Sir Roger scoppiò in una fragorosa risata.
«Ti sei perso una gloriosa battaglia,» disse al suo capo degli arcieri, «ma potrai accendere la pira funeraria. Torna dai tuoi uomini e ordina loro di cominciare a bombardare il campo nemico.»
Noi ci ritirammo nel sottosuolo nel momento stabilito, segnato con precisione dai misuratori di tempo catturati ai Wersgorix.

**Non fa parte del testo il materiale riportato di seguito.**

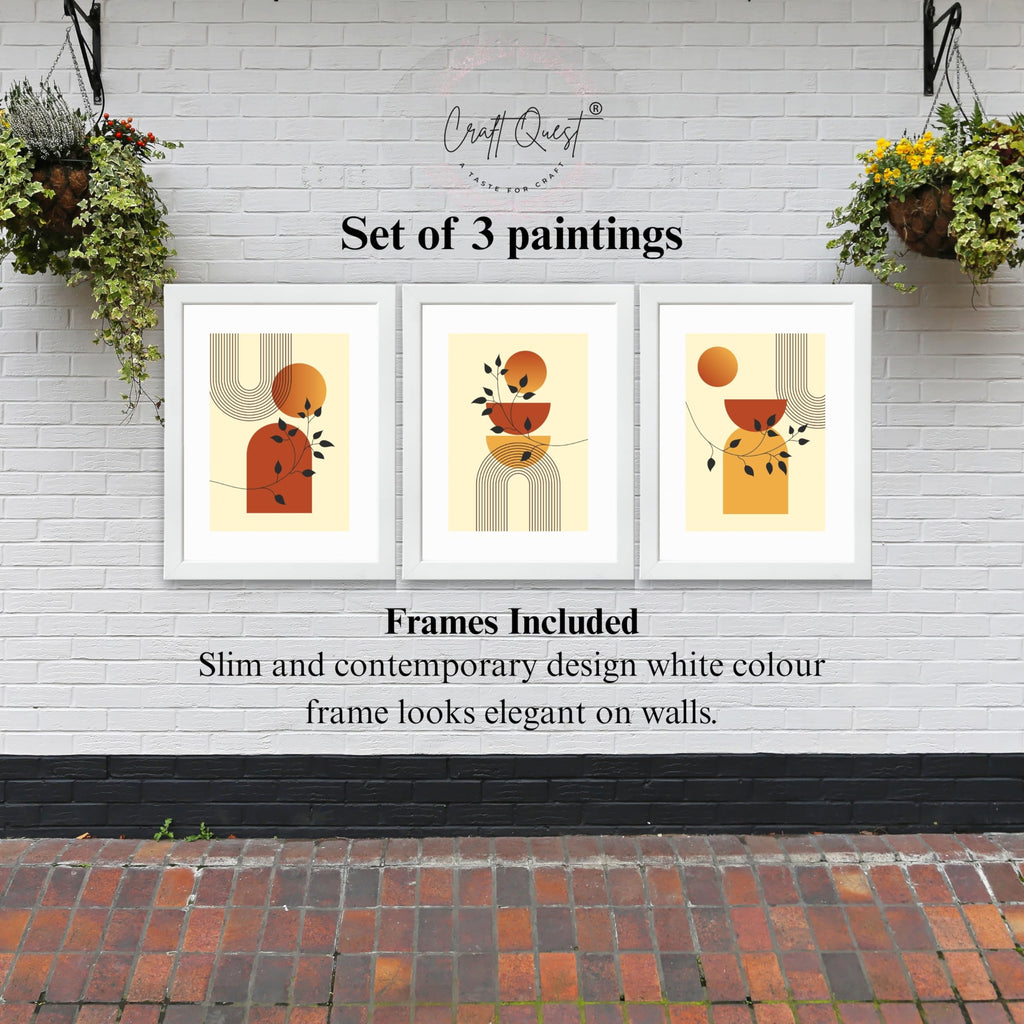 CRAFT QUEST Boho Contemporary Botanical Modern Wall Art | Set of 3 Frames for Home Decoration | Ideal for Living Room, Bedroom & Offices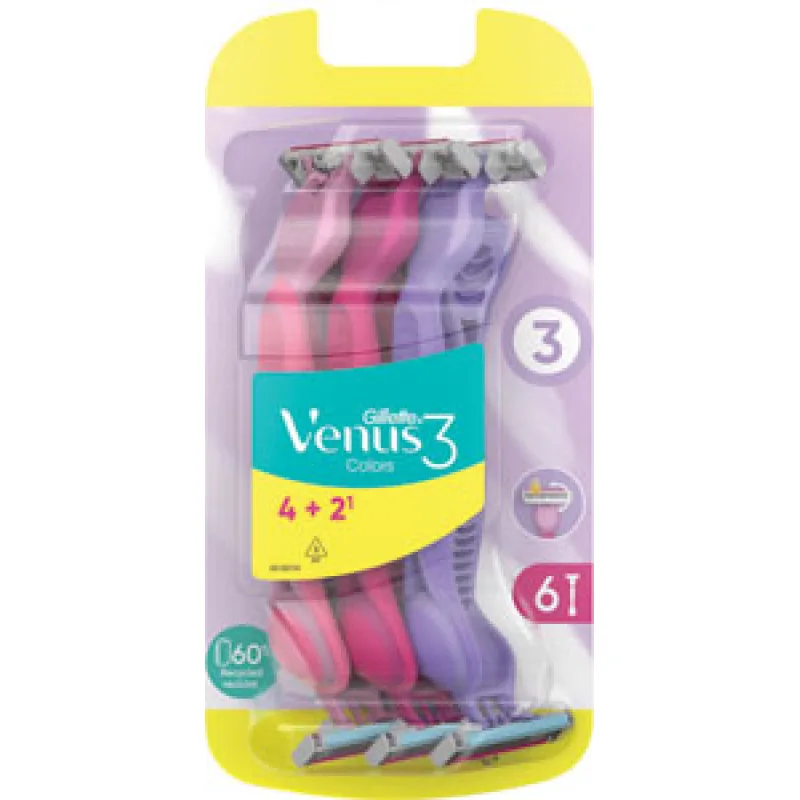 Simply Venus3 Jendorázový holiaci strojček MultiColor 6 ks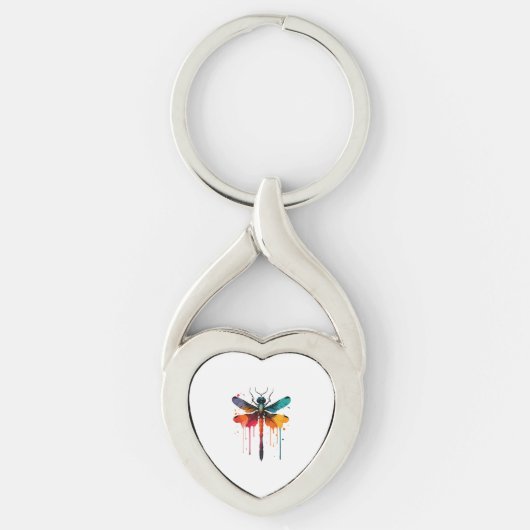 farbenfrohe Libelle Schlüsselanhänger (Vorderseite)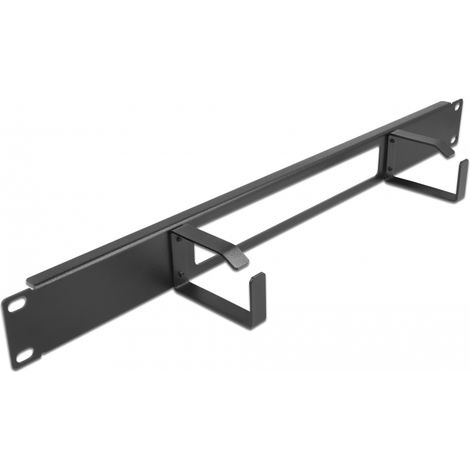 Delock Panel de gestiÃ³n de cables de 19 con abertura y 2 ganchos 1U negro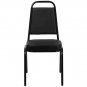 Elegant HERCULES Trapezoidal Back Stacking Banquet Chair Black Vinyl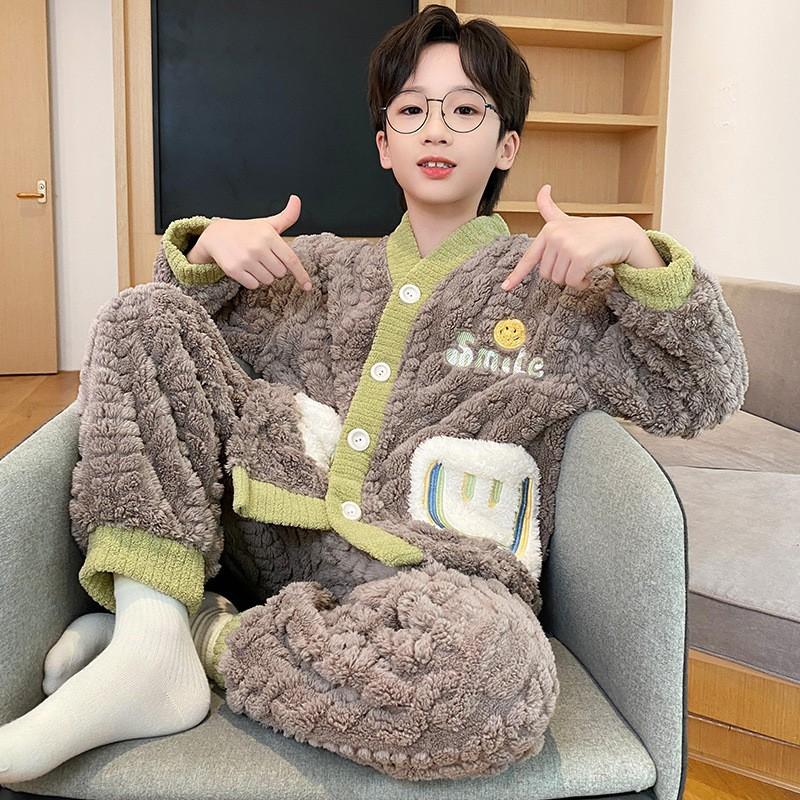 Boys Winter Warm Fleece Pajama Set With Zipper Collar Cartoon Print Long Sleeve Sleepwear Ages 8-14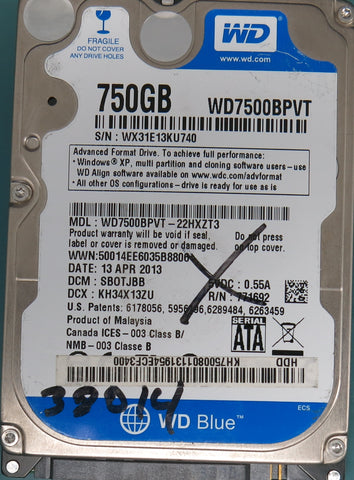 WD7500BPVT-22HXZT3, DCM SB0TJBB, 750GB 2.5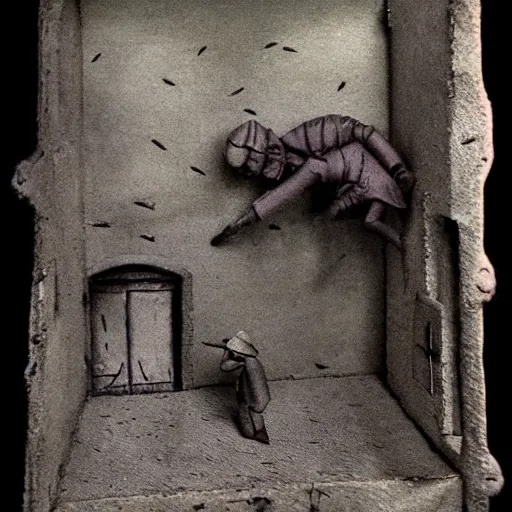 Prompt: the world war i, surrealistic detailed claymation art, dark, moody, foggy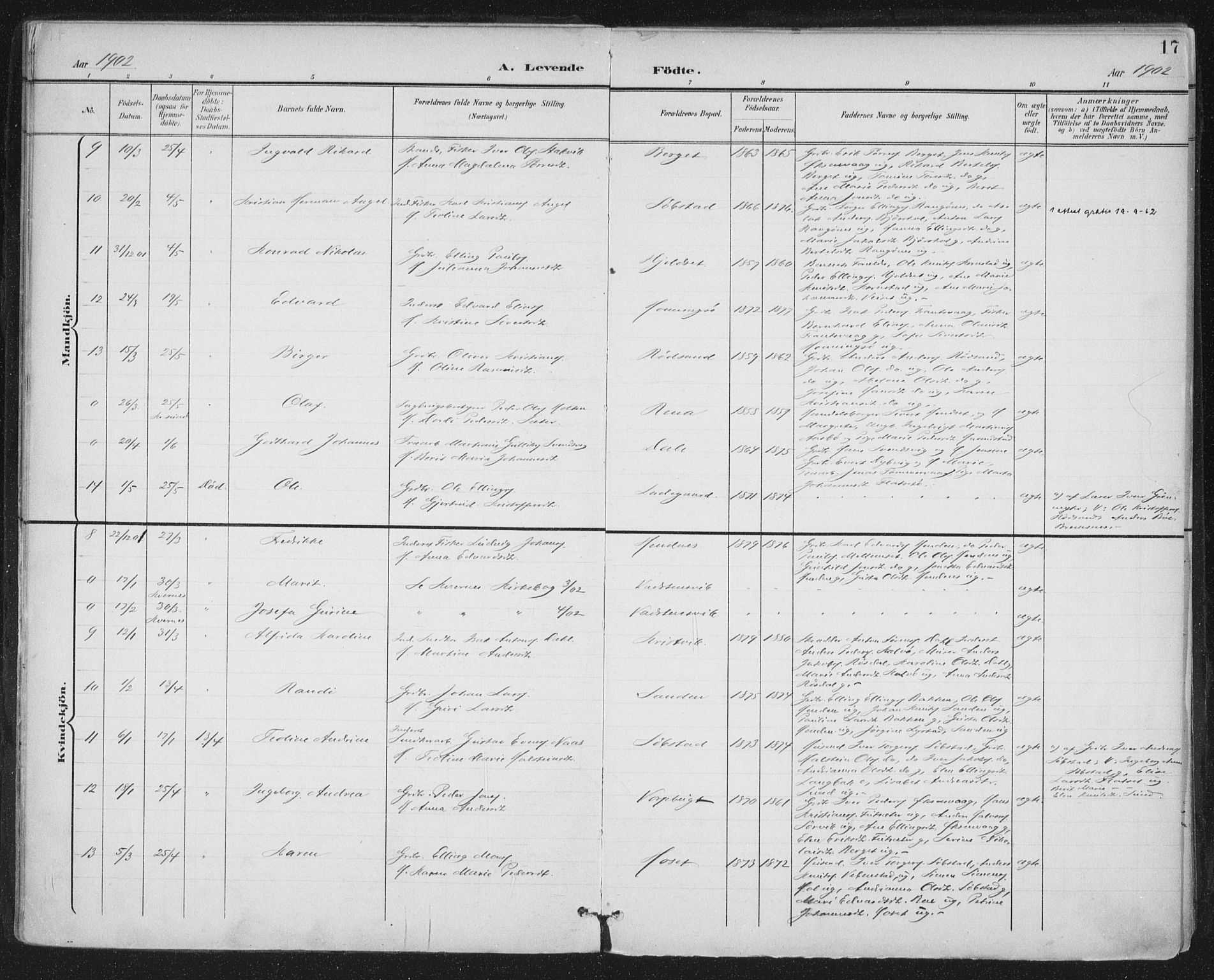 Ministerialprotokoller, klokkerbøker og fødselsregistre - Møre og Romsdal, SAT/A-1454/569/L0820: Parish register (official) no. 569A06, 1900-1911, p. 17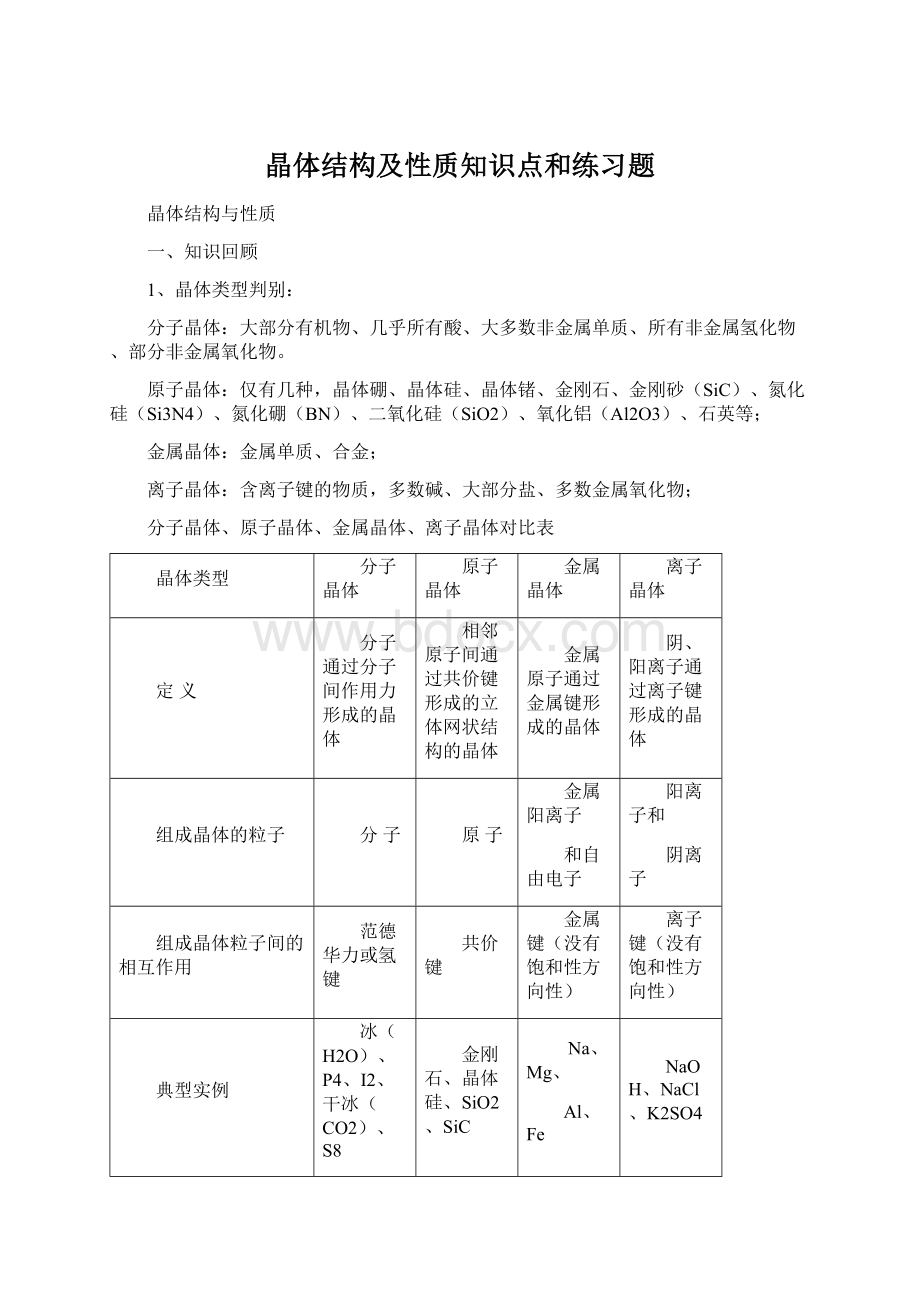 晶体结构及性质知识点和练习题.docx_第1页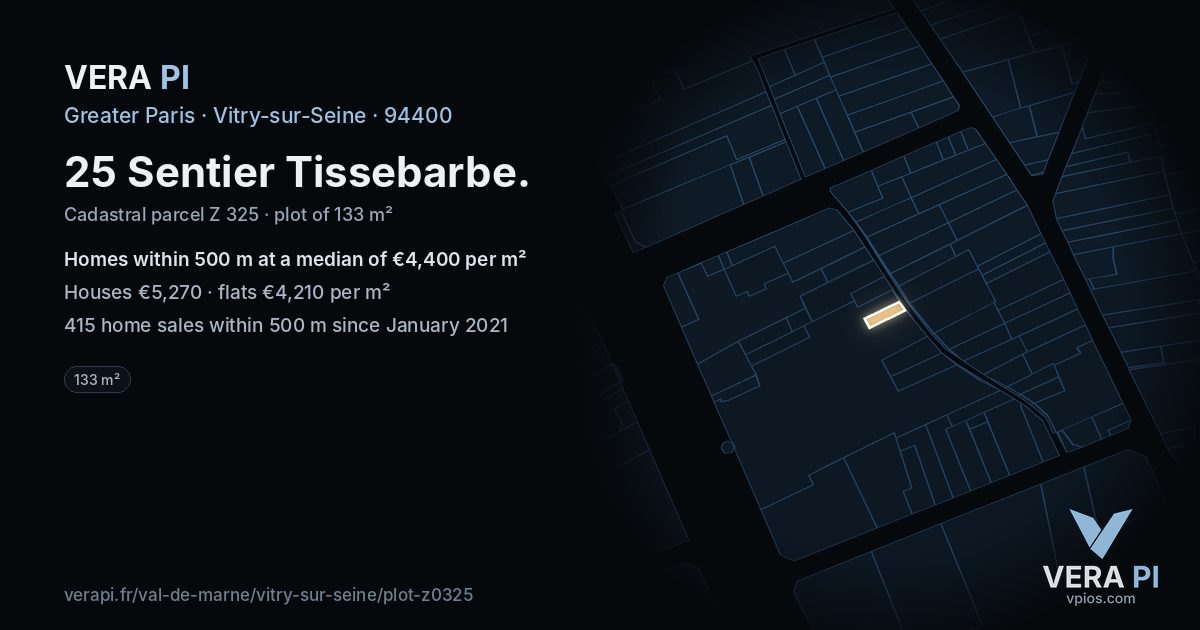 25 Sentier Tissebarbe, Vitry-sur-Seine at night – the plot lit, the parcels around coloured by the prices near them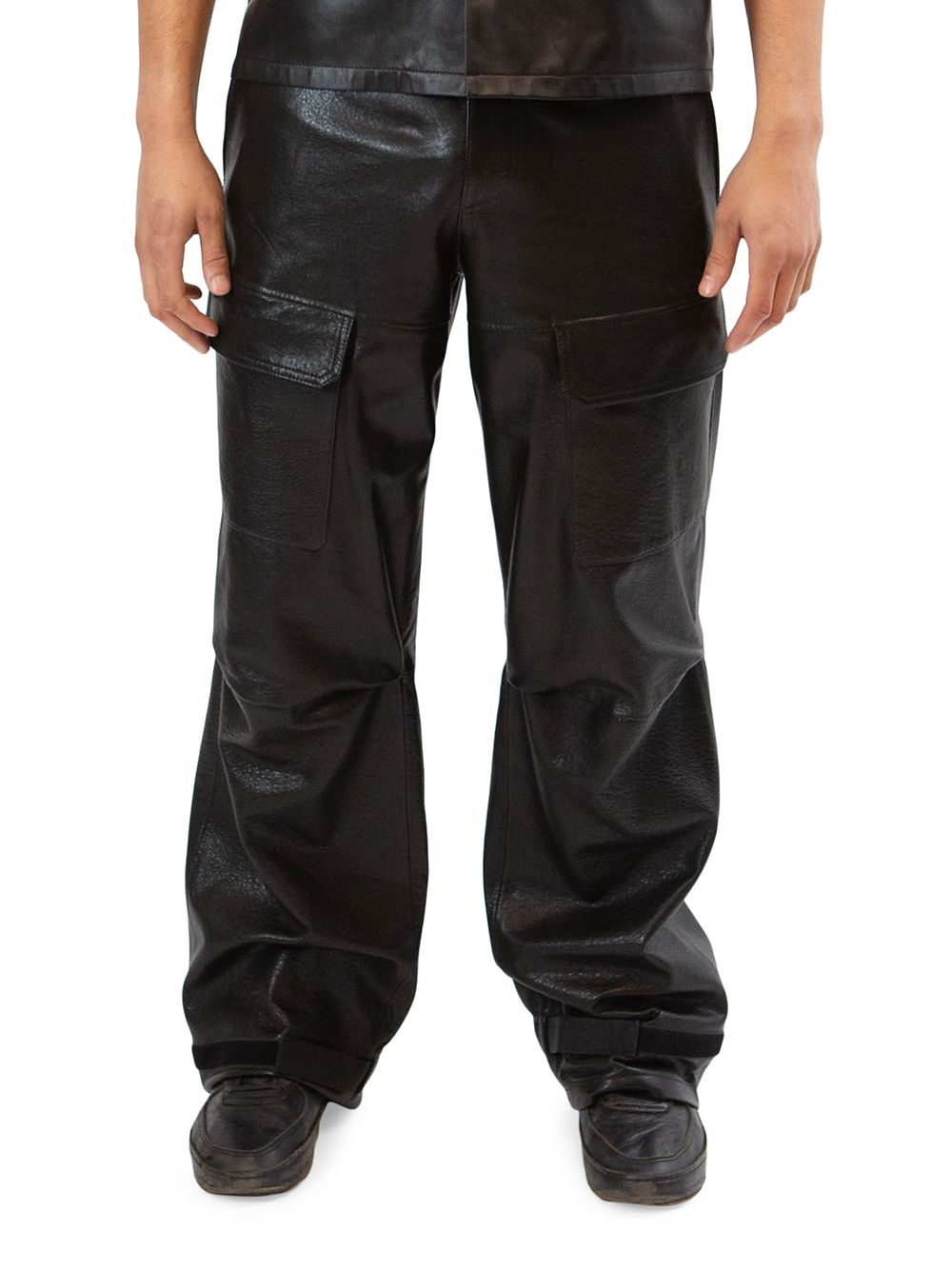 Кожаные широкие брюки карго RTA, черный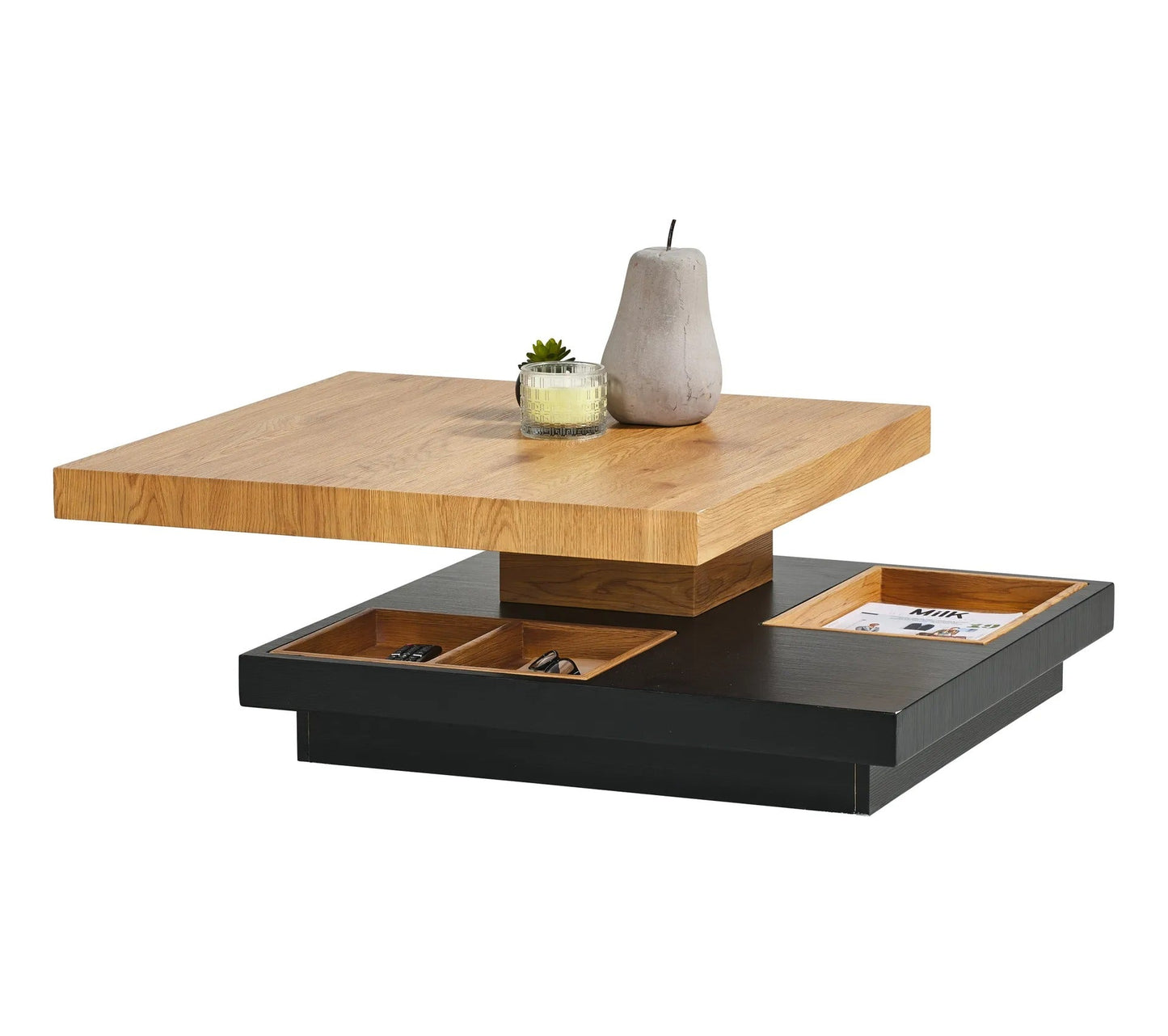 Couchtisch mit drehbarer Platte TURN, Eichenimitat und Schwarz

Anche così, sentimmo però la terra tremare, ed udimmo un poderoso rombo soffocato mentre le installazioni di terra e la magggior parte delle loro macchine venivano distrutte.
Una sola esplosione fu sufficiente. I superstiti della carneficina, accecati dal terrore, presero d’assalto una delle navi da trasporto ed abbandonarono gran parte dell’equipaggiamento ancora assolutamente intatto. Le navi volanti più piccole furono ancora più rapide a svanire, come nubi sul mare spazzate via da una brezza vigorosa.
Mentre il lento tramonto cominciava a bruciare il cielo in quella direzione che noi avevamo nostalgicamente denominato ovest, i leopardi d’Inghilterra volarono sopra alla vittoria inglese.
CAPITOLO XIV
Sir Owain fu accolto al suo rientro come l’eroe di una chanson che scenda sulla Terra. Le imprese compiute non gli avevano richiesto una gran fatica e, mentre volteggiava in aria in mezzo alla flotta wersgoriana, aveva perfino scaldato un po’ d’acqua sopra un braciere per farsi la barba.
Scese dalla nave con passo agile, la testa eretta, la cotta di maglia lucente, ed il mantello scarlatto che svolazzava al vento. Sir Roger gli andò incontro presso le tende dei Cavalieri con l’armatura malconcia, sporco, puzzolente di sudore, ed imbrattato di sangue. La sua voce era roca per il gridare.
«I miei complimenti, Sir Owain, per la vostra azione veramente brillante.»
Il giovane gli fece un inchino, che rivolse assai discretamente a Lady Catherine, mentre questa emergeva dalla massa della folla vociante.
«Non avrei potuto fare di meno,» mormorò Sir Owain, «con una corda d’arco sul cuore.»